Earlier this week I joined Qingwei and a group of American and Chinese water researchers on a speaking and meeting tour to China’s leading natural resource science groups. During those meetings, China’s government researchers revealed just how deeply Qingwei’s report had penetrated the science and policy infrastructure in Beijing, and just how frustrated they were with its conclusions. One after another, government scientists sought to find fault with Qingwei’s numbers, raise questions about his tone and fairness, and express what they said was disappointment in his conclusions. None, though, said he was wrong.

The focus of both Thirsty Coal studies is the consequences to China’s water supplies from the construction and operation of enormous coal bases that China installed in its coal belt, which runs across the provinces of the dry north. Just like the first Thirsty Coal report, completed in collaboration with a unit of the Chinese Academy of Sciences, the second study is a first-rate piece of reporting that merits the attention it is receiving.

The Thirsty Coal project came with a high personal stake for Qingwei, and not because of the government pressure. Almost three years ago he left Gansu, where he lived since 1994, and where his wife and nine-year-old son still live, to start a new job as a campaigner in Greenpeace’s Beijing office. His interest was water supply and coal production.

His project started at the same time, winter 2011, that Circle of Blue and the Wilson Center published Choke Point: China, the first penetrating account of how the world’s largest energy producer and consumer was running headlong into an ecologically and economically dangerous barrier almost nobody in or out of the central government had previously recognized. China, said our report, simply did not have enough water in its desert north to mine, process, and burn prodigious amounts of coal, grow a fifth of the country’s grain, and supply the region’s rising modern cities.

Qingwei told me the Choke Point: China project gave his work clarity and momentum inside Greenpeace, and some personal comfort. “I read it, of course,” he said. “I thought, ‘Oh, I’m not alone. We are dealing with the same problem.”

Choke Point: China and the two Greenpeace Thirsty Coal studies have attracted significant government and public attention inside China and in Asia. Domestic and international media are tackling the story now. “The coal-water connection is becoming popular in China,” said Qingwei. “Before that nobody paid attention. Circle of Blue is international. We are inside China. The two together are very powerful.”
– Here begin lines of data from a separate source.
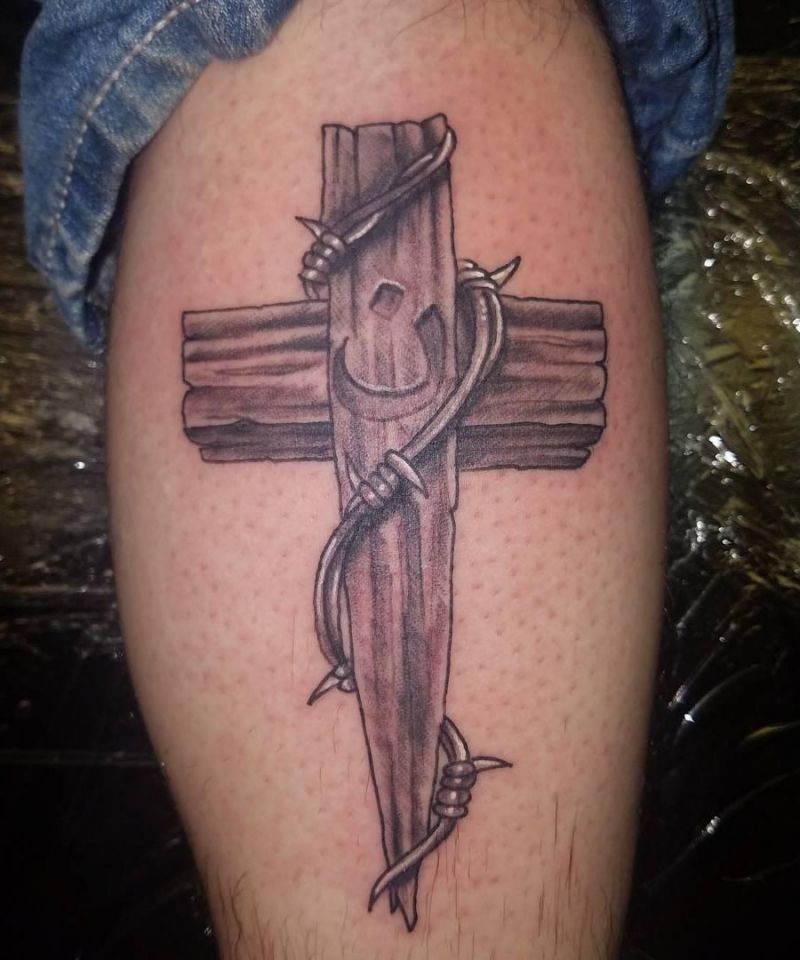 30 Pretty Wooden Cross Tattoos You Must Love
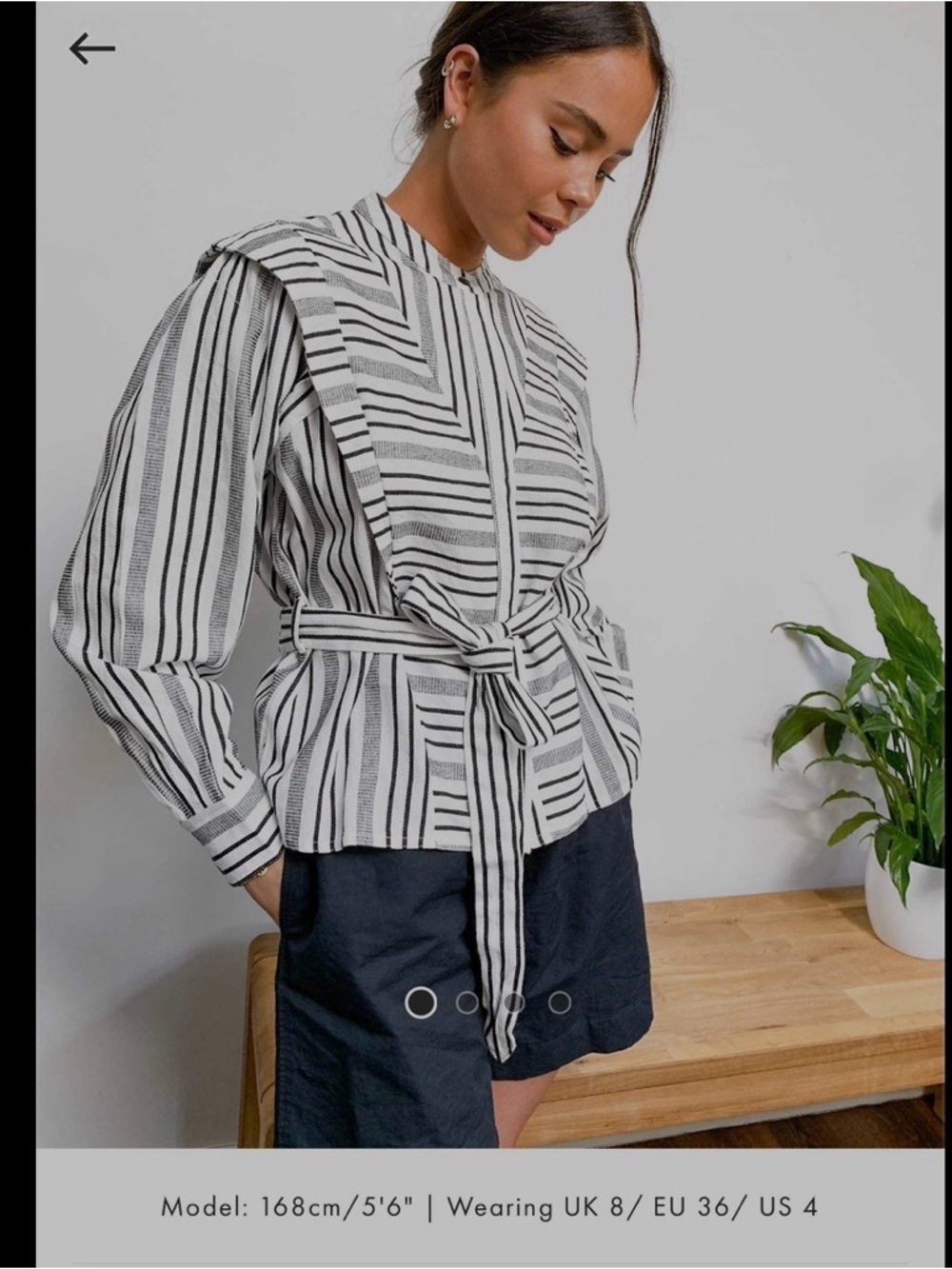 Top Shop Striped Tie-Waist Peplum Blouse - Black & White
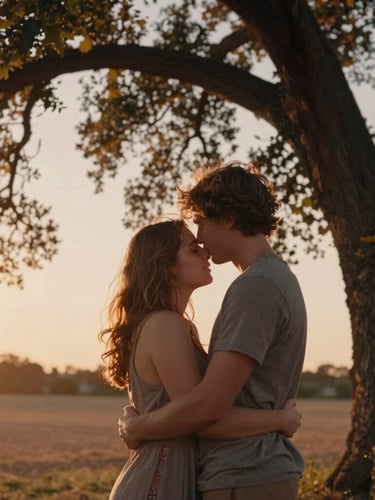 Cinematic medium shot of a young couple embracing under a large oak tree, backlit by warm sunset light, 35mm film style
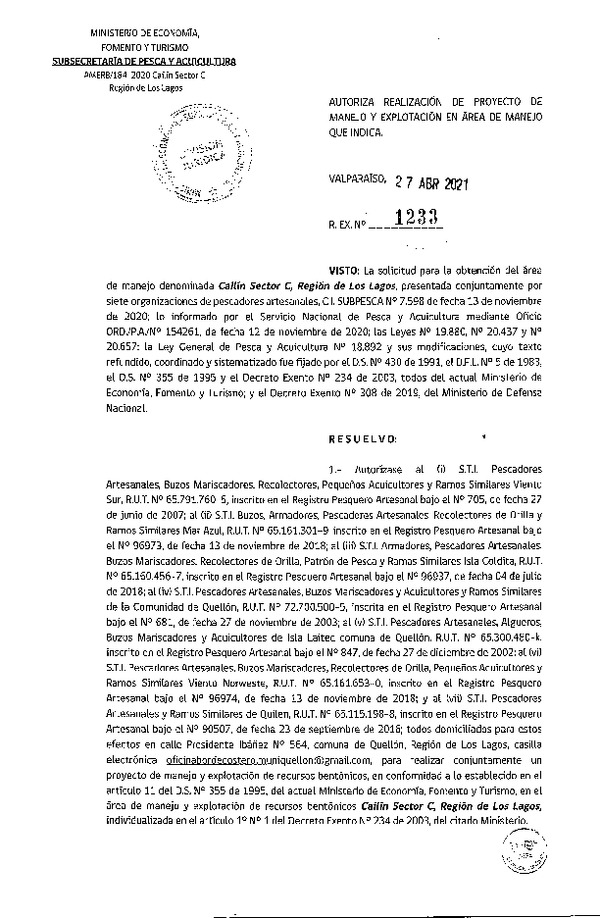 Res. Ex. N° 1233-2021 Autoriza Proyecto de Manejo. (Publicado en Página Web 29-04-2021)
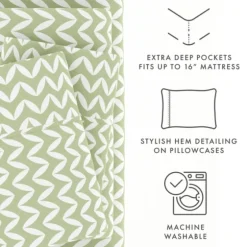 Green And White Chevron 3-Pc. Twin Sheet Set-Kirkland's Home Sale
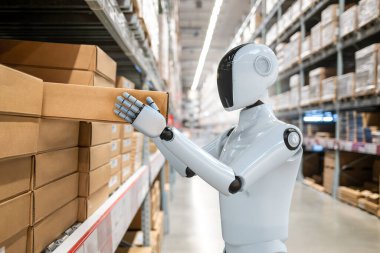 Otomasyon deposu konsepti ile depoda çalışan 3D robot yardımcısı 
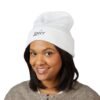 Beanie — Minimal 'ENVY' Embroidered Cuffed Beanie (Classic White)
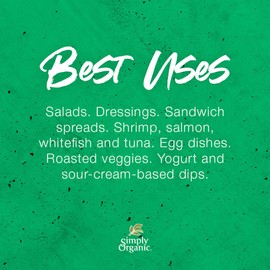 Simply Organic Dill Weed, Cut & Sifted, Certified Organic | 0.81 oz | Pack of 2 | Anethum graveolens L.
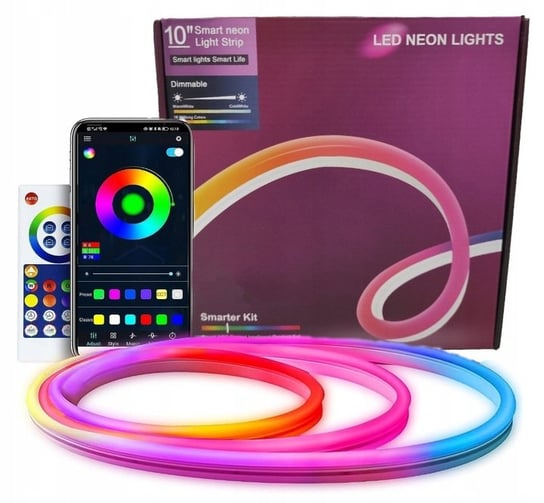 TAŚMA LED 10M KOLOROWA PASEK NEON RGB-IC ZESTAW BLUETOOTH APLIKACJA + PILOT Inna marka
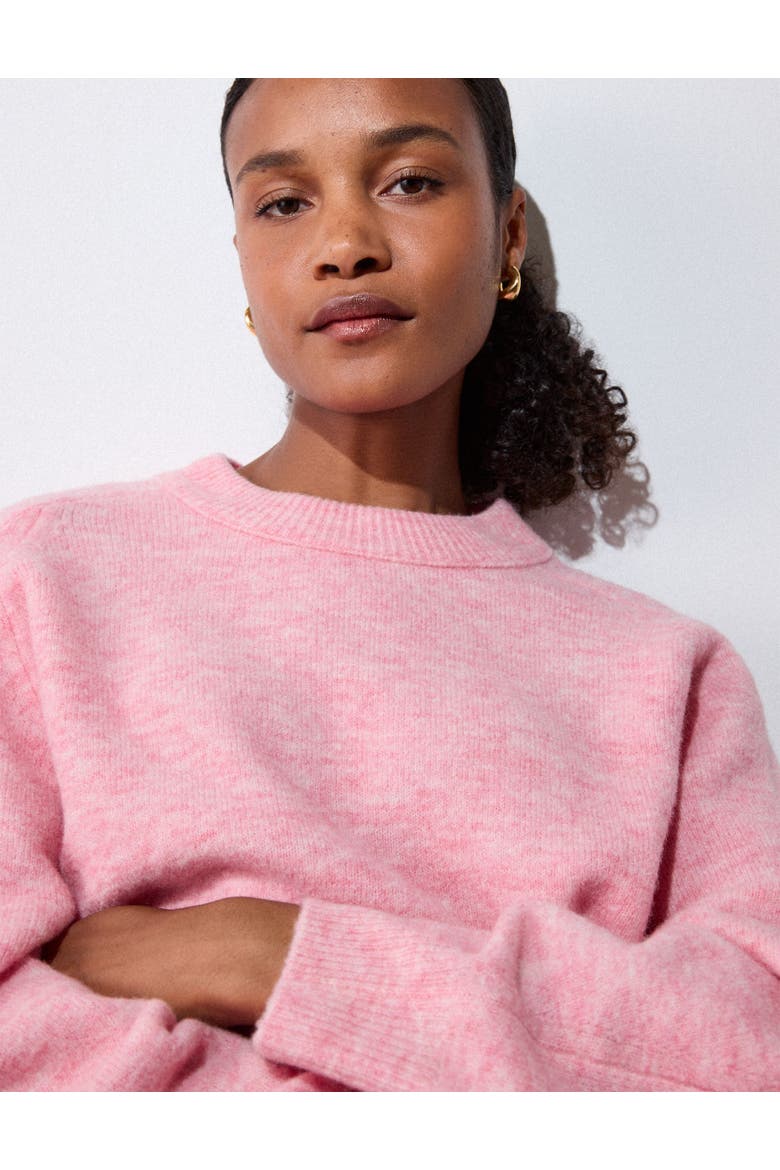 Wool Mix Curved Hem Knit, Alternate, color, Pink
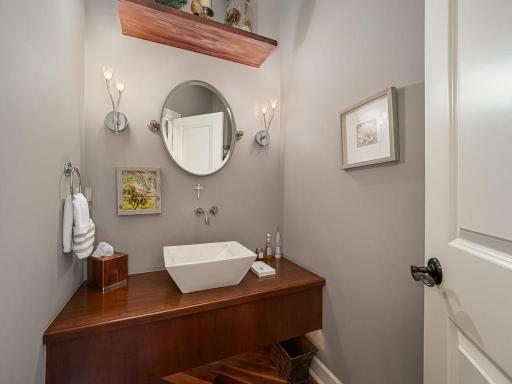 Main level half bath with exquisite finishes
Two Thirsty Coal reports, though, turned out to be enough for Qingwei. He just left Greenpeace to take up a new post as deputy secretary general of the China New Energy Chamber of Commerce, a trade group in Beijing. The Thirsty Coal project continues at Greenpeace without him. Deng Ping, a climate and energy campaigner at Greenpeace is working with colleagues on a third “Thirsty Coal” study.

Qingwei will stay in Beijing, where he lives alone during this part of his life and career. His wife is a scientist with a geography research unit of the Chinese Academy of Sciences in Lanzhou. Qingwei said he flies home about once a month to be with his family. “This is the way it is right now,” he said, shrugging.